[nsp] MSFC2 128,000 route limitation

Ian Cox icox@cisco.com
Thu, 22 Aug 2002 17:15:25 -0700


The bug you site has nothing to do with filling up the FIB tcam, it has to 
do with filling up the memory that contains the adjacency rewrite 
information. Filling up either of these two resources will cause problems. 
If the problem you are running into is the DDTs you refer to then an 
accurate description of the problem is:

[snip]

only with a large network configuration in which many prefixes have 
multiple paths to them resulting in adjacency exception condition 
(condition where the NMP runs of adjacency table ) on the NMP. This happens 
because we do not share adjacencies among prefixes even if they have the 
same multiple paths ... Because of constant network updates, some of the 
adjacencies get deleted and when the NMP comes of out adj exception, we 
issue a reload of FIB/ADJ table . This cycles go on and on resulting in the 
high CPU on NMP.

[end snip]

If you only have 50k routes, then it only consume 50k TCAM entries. The 
structure of the forwarding information looks like this:

FIB TCAM               Adjacency Table
+-----------+          +------------------+
| 1.0.0.0/8 | --1:N--< | path1  rewrite 1 |
| 2.1.0.0/16|          | path2  rewrite 2 |
|           |          | path3  rewrite 3 |
+-----------+          +------------------+
256k entries            256k entries

If you have two parallel paths and you had 50k entries with CatOS you would 
consume 50k x 2 entries in the adjacency table. In IOS for the Catalyst 
6000 this is done differently and you would consume just 2 entries since 
the prefixes can share adjacency table entries.

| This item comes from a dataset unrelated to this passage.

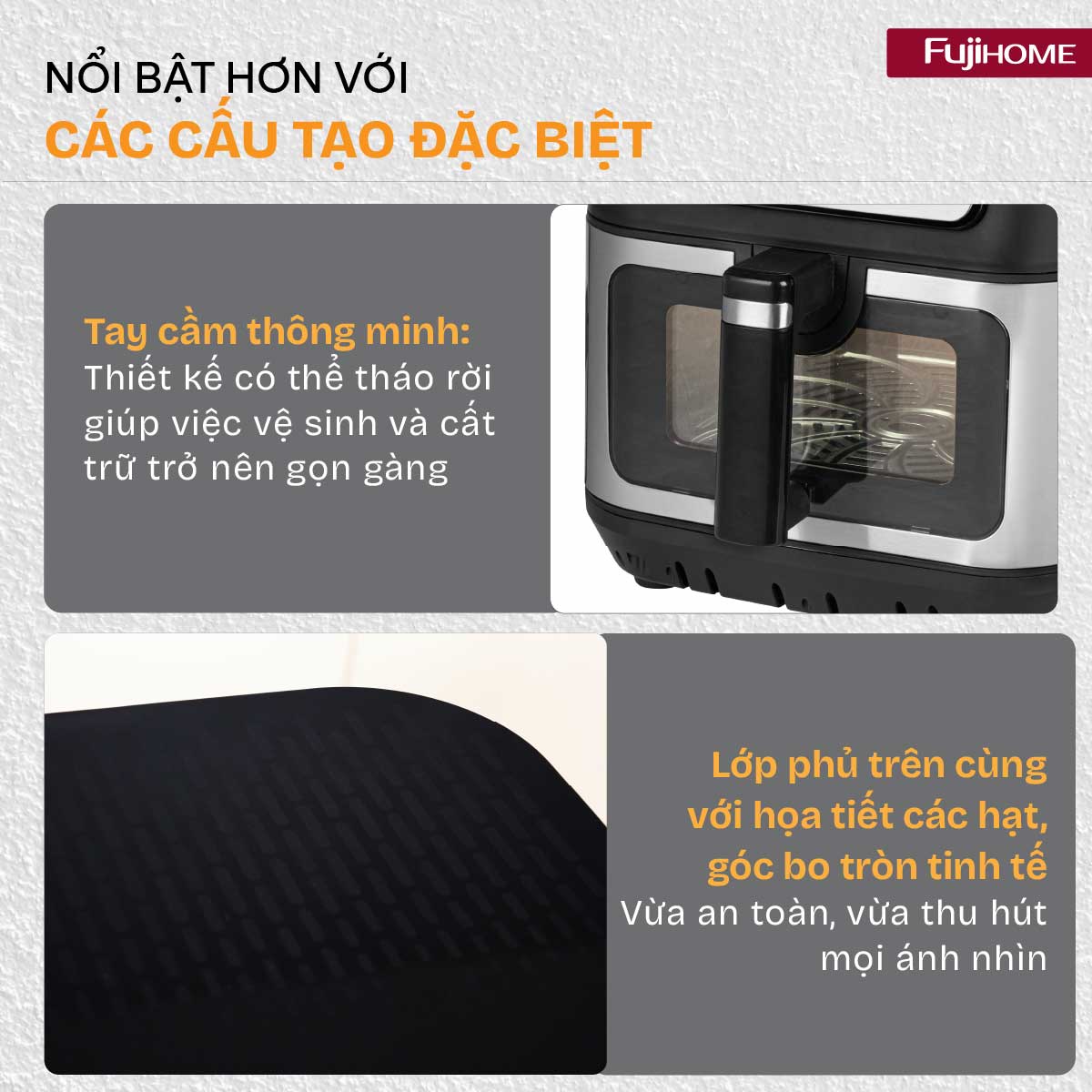 Hình ảnh chi tiết Nồi chiên không dầu Fujihome A9DH ( 9 lít) - Ảnh số 24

I have not dealt with CatOS on the platform for over 18 months, only IOS 
for the Catalyst 6000. IOS for the Catalyst 6000 does not have this 
problem, it handles the adjacency table programming by allowing prefixes to 
share adjacencies entries. The way to show how much fib tcam has been 
consumed on IOS for the Catalyst 6000 is:

tromso#sh mls cef summary

tromso-sp#
Total CEF switched packets:  0000019424896725
Total CEF switched bytes:    0001857776306791
Total routes:                110568
     IP unicast routes:       110555
     IPX routes:              0
     IP multicast routes:     13
tromso#


Looking at the manual the command for CatOS is "show mls cef" to get the 
equivalent information.

To get the number of entries used in the adjacency table for IOS for 
Catalyst 6000 use:

tromso#sh mls cef adjacency count

tromso-sp#
Total adjacencies:           24
tromso#


The only similar count for adjacency usage I can see for a system running 
CatOS is under "sh polaris fibmgr usage"


Ian



At 06:24 PM 8/22/2002 -0400, Matt Buford wrote:
>On Wed May 15 2002 - 07:53:32 EDT, Ian Cox wrote:
>
> > The TCAM that holds the FIB table is capable of holding 256,000 entries.
> > Without unicast RPF checking turned on the maximum number of unicast
> > entries that can be held in the hardware FIB table is 244,000. The
> > remaining 12,000 entries are reserved for multicast routes. If unicast RPF
> > checking is enabled then the number of routes that are held in the TCAM is
> > halved.
>
> > You can exceed the capacity of the hardware forwarding table, and the
> > consequences are that the routes that are not programmed into the TCAM
>that
> > holds the FIB table will be switched in software by the MSFC2 / RP.
>
>I have apparently ran into this limitation, with much worse consequences
>(running Sup2/MSFC2 hybrid).  The supervisor CPU shot up to 100%, and all
>updates from the MSFC to the supervisor/PFC stopped.  This happened in both
>of a pair of redundant 6500s, bringing both down and leaving me unable to
>bring them back up with a full routing table.
>
>Cisco TAC found bug cscdw89942, and said the internal notes recommend using
>the "set mls cef per-prefix-stats disable" to reduce the number of entries.
>
>It appears that at this point the limitiation is not something to take
>lightly.  Reaching it (at least under Hybrid) apparently brings everything
>down.  There is no software yet available that fixes this, and the only
>workaround is to take measures to reduce your CEF table size (such as
>turning off per-prefix-stats).
>
>For perspective, the routers that failed each see two BGP feeds of full
>Internet routes, as well as about 12 OSPF routes (each of which has 2 or 3
>paths to get there).  This doesn't seem like a particularly large number of
>routes to me, however it certainly passes the limit listed in the bug of
>50,000 routes with dual paths.
>
>Is there anywhere I can get a count of the actual current number of entries
>and/or space free, or is the only way to tell to show the cef table size and
>manually figure out if you need to multiply it if you have unicast RPF on,
>then make sure that is less than 244,000?  I want to go through all my 6500s
>and make sure I'm not about to hit the limit on any of them (some are hybrid
>and some are native).  The thought of  all my 6500s falling over at once and
>staying down because I reached the maximum limit on routes scares me
>greatly.